Otherwise, no hyperparameters to choose :)

import torch
import numpy as np
from trackastra.utils import normalize
from trackastra.model import Trackastra
from trackastra.tracking import graph_to_ctc, graph_to_napari_tracks
from trackastra.data import example_data_bacteria

device = "cuda" if torch.cuda.is_available() else "cpu"

# load some test data images and masks
imgs, masks = example_data_bacteria()

# Normalize your images
imgs = np.stack([normalize(x) for x in imgs])

# Load a pretrained model
model = Trackastra.from_pretrained("general_2d", device=device)

# or from a local folder
# model = Trackastra.from_folder('path/my_model_folder/', device=device)

# Track the cells
track_graph = model.track(imgs, masks, mode="greedy")  # or mode="ilp", or "greedy_nodiv"


# Write to cell tracking challenge format
ctc_tracks, masks_tracked = graph_to_ctc(
      track_graph,
      masks,
      outdir="tracked",
)

You then can visualize the tracks with napari:

# Visualise in napari
napari_tracks, napari_tracks_graph, _ = graph_to_napari_tracks(track_graph)

import napari
v = napari.Viewer()
v.add_image(imgs)
v.add_labels(masks_tracked)
v.add_tracks(data=napari_tracks, graph=napari_tracks_graph)

Napari plugin

We additionally provide a napari plugin which allows one to quickly apply pretrained and custom models on custom timeseries.

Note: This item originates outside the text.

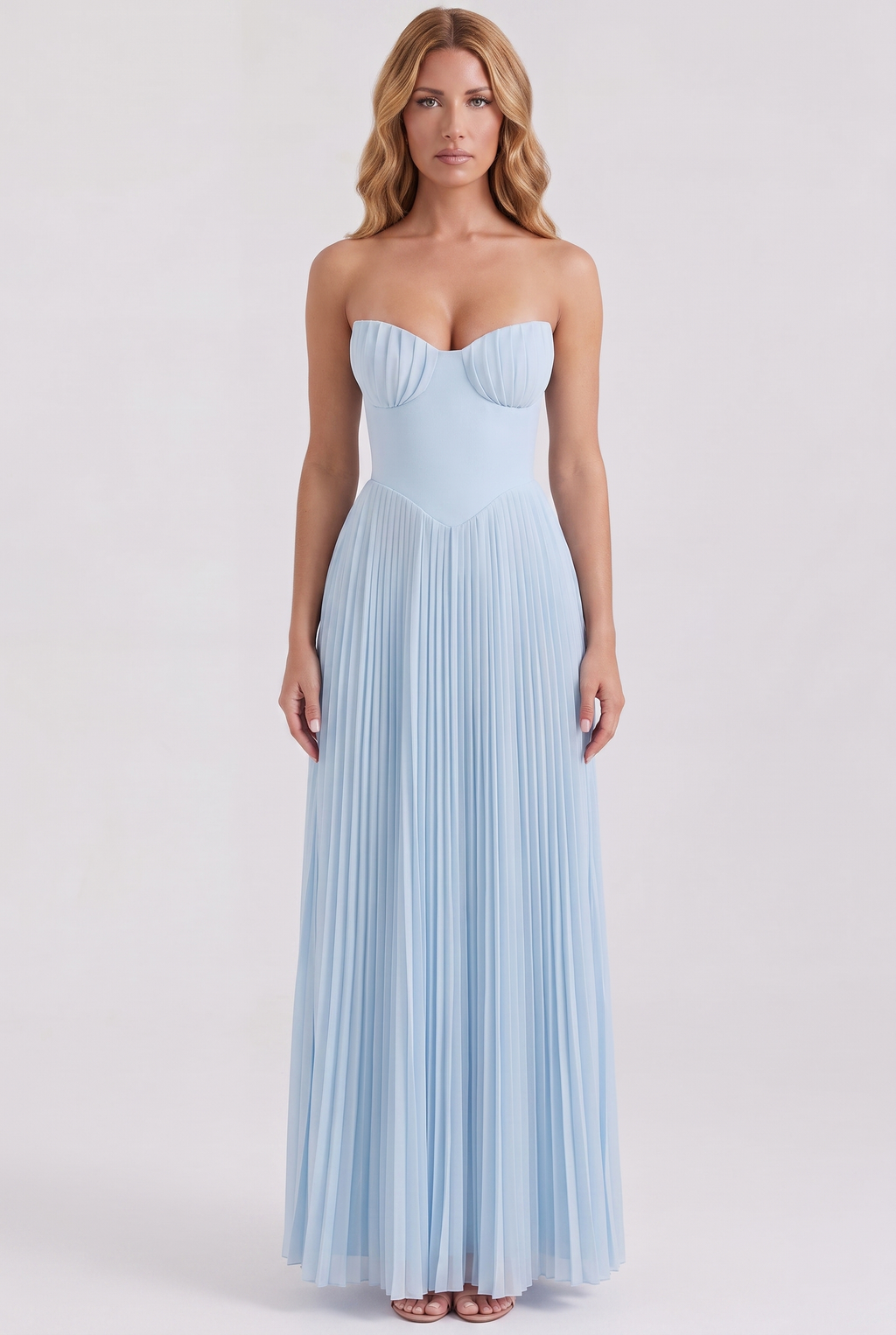 Baby Blue Pleated Strapless Maxi Dress - Front View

Training a model on your own data

To run an example

  • clone this repository and got into the scripts directory with cd trackastra/scripts.
  • download the Fluo-N2DL-HeLa dataset from the Cell Tracking Challenge into data/ctc.

Now, run

python train.py --config example_config.yaml

Generally, training data needs to be provided in the Cell Tracking Challenge (CTC) format, i.e. annotations are located in a folder containing one or several subfolders named TRA, with masks and tracklet information.